Provided information ->
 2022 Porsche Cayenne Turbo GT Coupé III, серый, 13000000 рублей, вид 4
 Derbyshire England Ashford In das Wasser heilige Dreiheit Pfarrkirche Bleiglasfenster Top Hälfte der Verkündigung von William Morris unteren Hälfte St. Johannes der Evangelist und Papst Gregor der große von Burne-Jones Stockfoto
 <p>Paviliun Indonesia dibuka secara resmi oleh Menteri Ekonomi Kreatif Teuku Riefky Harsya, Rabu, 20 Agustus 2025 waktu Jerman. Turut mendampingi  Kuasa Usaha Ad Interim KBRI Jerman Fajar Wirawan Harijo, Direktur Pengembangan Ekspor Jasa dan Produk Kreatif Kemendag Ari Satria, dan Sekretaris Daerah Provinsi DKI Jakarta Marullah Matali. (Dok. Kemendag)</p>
* * *
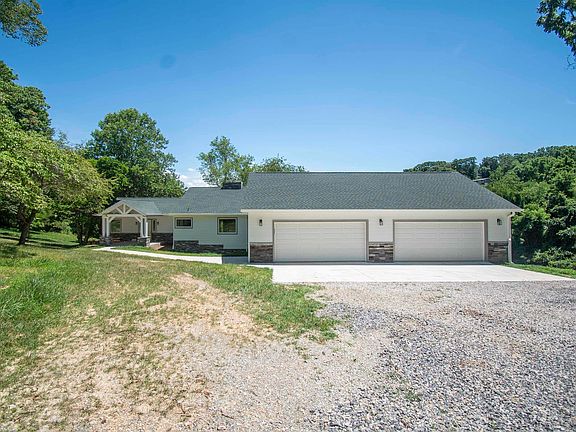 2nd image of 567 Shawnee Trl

About this exercise -> Write out exactly the lines that fall from the line with "2022 Porsche Cayenne" to the line with "Derbyshire England Ashford" in the records above, keeping both ends.

Answer to this task ->
 2022 Porsche Cayenne Turbo GT Coupé III, серый, 13000000 рублей, вид 4
 Derbyshire England Ashford In das Wasser heilige Dreiheit Pfarrkirche Bleiglasfenster Top Hälfte der Verkündigung von William Morris unteren Hälfte St. Johannes der Evangelist und Papst Gregor der große von Burne-Jones Stockfoto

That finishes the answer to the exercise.